Data below
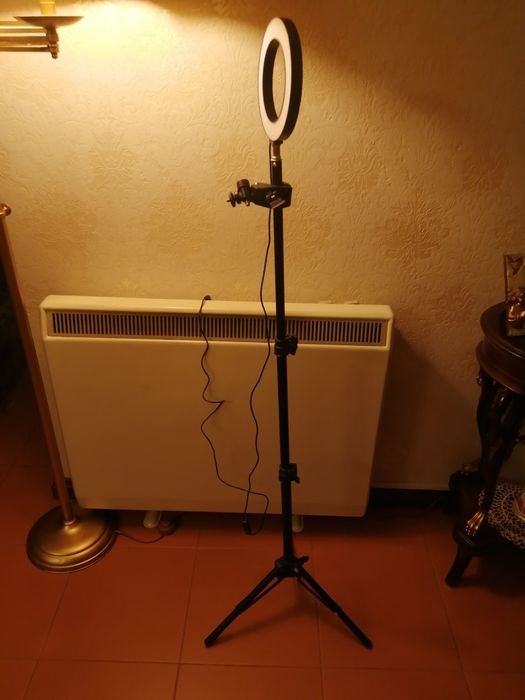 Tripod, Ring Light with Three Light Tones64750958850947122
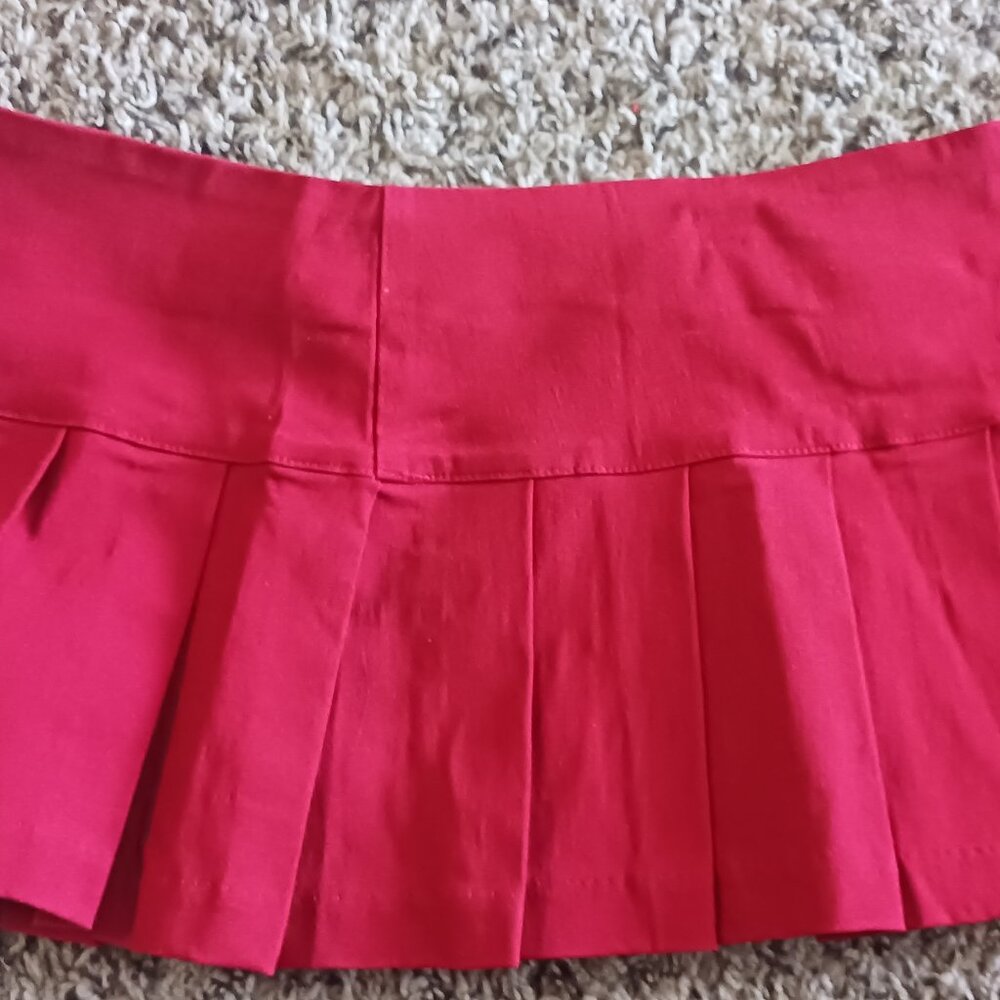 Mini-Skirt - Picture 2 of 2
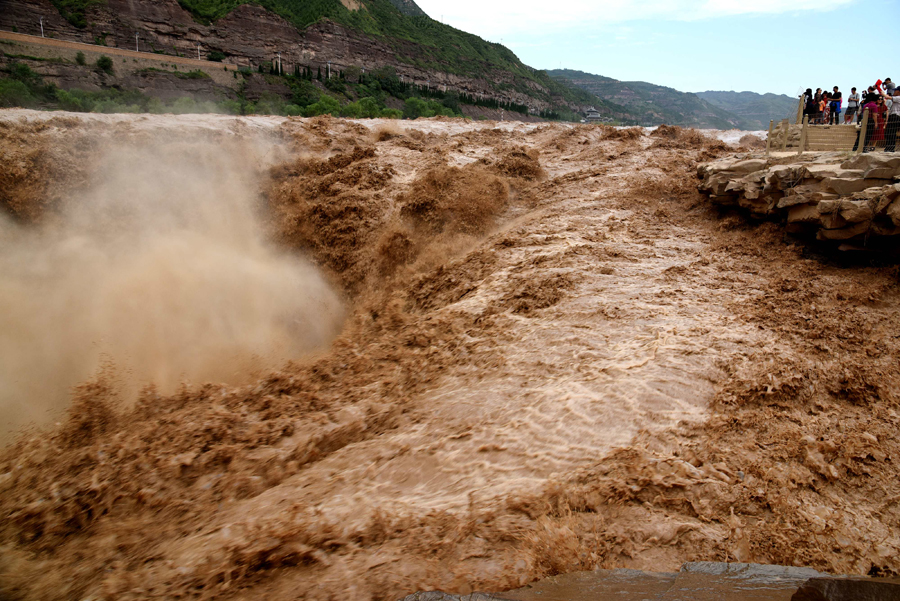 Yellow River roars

Aim of the task
Would you retype the listing above exactly, omitting its pictures?

Task response
 Tripod, Ring Light with Three Light Tones64750958850947122
 Mini-Skirt - Picture 2 of 2
 Yellow River roars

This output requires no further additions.